#### [Instructions to follow]
Where a line of the data holds the word "Cytometry", copy that line.

#### [The data]
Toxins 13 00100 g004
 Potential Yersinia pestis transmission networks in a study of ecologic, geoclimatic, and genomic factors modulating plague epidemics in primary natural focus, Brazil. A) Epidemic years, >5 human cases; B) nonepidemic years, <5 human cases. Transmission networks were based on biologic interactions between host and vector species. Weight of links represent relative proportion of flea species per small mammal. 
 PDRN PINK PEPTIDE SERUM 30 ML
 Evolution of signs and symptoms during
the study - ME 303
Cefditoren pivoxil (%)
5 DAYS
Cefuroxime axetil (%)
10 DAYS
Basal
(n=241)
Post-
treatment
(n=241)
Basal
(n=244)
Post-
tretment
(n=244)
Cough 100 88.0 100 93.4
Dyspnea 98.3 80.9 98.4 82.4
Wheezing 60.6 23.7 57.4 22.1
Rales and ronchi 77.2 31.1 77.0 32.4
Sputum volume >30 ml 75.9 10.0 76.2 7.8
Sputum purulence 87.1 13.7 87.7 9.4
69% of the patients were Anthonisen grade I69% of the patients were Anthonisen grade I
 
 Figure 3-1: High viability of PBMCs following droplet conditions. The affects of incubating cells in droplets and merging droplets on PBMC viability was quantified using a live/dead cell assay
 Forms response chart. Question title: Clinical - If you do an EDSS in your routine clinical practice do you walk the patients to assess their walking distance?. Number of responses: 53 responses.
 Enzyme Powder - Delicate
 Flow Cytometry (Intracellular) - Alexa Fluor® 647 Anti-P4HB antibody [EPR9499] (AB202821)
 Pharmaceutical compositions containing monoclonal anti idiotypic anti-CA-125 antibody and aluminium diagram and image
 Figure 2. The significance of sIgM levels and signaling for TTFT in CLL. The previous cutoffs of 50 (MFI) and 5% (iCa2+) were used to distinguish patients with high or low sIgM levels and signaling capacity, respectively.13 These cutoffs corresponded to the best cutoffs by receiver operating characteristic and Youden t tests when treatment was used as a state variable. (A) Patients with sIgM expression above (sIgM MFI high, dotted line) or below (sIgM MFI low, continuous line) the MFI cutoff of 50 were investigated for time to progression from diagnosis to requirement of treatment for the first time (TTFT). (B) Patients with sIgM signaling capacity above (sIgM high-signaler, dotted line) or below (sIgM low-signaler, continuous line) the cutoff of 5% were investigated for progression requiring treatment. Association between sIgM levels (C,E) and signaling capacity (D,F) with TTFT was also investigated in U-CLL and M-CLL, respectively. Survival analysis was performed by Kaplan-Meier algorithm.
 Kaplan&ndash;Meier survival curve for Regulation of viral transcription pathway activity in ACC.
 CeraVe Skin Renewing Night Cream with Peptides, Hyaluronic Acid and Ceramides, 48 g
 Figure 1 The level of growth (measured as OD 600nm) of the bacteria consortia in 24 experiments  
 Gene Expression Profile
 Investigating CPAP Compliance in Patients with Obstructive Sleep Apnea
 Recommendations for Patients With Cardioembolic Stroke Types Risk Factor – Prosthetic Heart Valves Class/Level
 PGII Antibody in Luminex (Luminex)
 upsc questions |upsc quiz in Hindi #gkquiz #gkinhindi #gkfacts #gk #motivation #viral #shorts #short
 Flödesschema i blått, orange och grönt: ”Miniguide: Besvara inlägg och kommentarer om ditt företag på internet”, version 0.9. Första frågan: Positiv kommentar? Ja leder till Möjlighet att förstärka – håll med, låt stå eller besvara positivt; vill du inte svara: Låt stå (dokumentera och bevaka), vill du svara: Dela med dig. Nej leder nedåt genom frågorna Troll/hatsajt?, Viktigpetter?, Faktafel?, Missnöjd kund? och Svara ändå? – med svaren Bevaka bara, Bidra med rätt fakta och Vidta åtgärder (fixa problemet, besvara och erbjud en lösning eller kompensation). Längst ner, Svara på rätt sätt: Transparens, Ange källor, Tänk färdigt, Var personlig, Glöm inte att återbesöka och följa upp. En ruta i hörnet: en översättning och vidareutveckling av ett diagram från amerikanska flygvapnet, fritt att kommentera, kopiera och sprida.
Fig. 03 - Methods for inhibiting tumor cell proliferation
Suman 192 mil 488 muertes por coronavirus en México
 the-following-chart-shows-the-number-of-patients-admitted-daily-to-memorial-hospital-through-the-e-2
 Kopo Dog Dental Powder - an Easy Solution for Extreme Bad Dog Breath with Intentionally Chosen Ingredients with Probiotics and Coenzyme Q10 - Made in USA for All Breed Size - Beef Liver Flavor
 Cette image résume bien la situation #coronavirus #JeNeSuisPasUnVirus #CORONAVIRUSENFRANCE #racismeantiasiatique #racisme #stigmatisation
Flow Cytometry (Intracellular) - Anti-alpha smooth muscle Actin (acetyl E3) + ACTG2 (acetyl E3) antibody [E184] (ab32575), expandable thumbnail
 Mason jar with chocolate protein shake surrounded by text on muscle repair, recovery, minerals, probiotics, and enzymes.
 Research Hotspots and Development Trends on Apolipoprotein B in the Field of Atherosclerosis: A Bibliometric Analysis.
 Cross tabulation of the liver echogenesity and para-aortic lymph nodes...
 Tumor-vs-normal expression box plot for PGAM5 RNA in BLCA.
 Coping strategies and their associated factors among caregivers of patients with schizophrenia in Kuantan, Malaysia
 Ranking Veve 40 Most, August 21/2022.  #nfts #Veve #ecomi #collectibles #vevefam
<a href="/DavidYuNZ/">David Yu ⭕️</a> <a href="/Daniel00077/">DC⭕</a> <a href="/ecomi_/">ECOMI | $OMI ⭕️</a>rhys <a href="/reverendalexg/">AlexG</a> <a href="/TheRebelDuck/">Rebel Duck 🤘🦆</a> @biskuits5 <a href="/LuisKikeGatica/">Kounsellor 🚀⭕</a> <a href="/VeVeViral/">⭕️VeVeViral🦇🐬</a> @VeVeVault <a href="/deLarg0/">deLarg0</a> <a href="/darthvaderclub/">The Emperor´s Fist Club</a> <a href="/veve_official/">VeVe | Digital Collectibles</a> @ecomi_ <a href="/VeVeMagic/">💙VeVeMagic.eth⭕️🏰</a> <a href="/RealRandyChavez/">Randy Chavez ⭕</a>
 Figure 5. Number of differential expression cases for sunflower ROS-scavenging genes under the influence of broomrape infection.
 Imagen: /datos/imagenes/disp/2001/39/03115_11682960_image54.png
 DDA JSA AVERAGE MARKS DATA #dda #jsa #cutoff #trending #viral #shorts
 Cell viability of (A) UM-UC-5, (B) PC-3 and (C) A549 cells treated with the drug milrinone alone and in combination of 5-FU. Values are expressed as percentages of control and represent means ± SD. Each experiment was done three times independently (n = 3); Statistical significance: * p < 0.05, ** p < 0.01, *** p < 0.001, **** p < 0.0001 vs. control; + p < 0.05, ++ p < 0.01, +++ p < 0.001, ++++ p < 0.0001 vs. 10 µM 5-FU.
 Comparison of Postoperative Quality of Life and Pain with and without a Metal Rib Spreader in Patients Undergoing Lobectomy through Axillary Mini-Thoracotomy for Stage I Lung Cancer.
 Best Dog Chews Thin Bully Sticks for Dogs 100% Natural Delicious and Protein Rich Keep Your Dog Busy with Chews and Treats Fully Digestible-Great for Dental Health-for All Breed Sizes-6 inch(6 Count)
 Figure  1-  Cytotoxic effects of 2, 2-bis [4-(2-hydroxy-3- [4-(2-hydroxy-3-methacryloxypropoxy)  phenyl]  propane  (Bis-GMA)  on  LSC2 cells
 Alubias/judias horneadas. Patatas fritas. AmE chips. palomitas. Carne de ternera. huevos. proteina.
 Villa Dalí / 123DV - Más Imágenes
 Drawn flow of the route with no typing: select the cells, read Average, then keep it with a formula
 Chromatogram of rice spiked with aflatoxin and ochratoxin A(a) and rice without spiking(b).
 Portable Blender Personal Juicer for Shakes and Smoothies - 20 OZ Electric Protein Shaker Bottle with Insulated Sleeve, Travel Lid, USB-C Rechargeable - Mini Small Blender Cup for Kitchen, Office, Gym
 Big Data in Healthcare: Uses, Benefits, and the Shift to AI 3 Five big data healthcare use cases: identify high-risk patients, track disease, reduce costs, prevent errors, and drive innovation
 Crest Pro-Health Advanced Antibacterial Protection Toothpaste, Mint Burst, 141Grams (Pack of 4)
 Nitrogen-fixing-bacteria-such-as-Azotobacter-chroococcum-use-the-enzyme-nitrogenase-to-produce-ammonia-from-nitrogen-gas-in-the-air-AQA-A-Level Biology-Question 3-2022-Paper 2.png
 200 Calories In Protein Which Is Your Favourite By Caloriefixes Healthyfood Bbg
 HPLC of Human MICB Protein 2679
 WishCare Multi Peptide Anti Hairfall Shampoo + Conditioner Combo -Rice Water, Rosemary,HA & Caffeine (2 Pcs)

#### [Result for this task]
 Flow Cytometry (Intracellular) - Alexa Fluor® 647 Anti-P4HB antibody [EPR9499] (AB202821)
Flow Cytometry (Intracellular) - Anti-alpha smooth muscle Actin (acetyl E3) + ACTG2 (acetyl E3) antibody [E184] (ab32575), expandable thumbnail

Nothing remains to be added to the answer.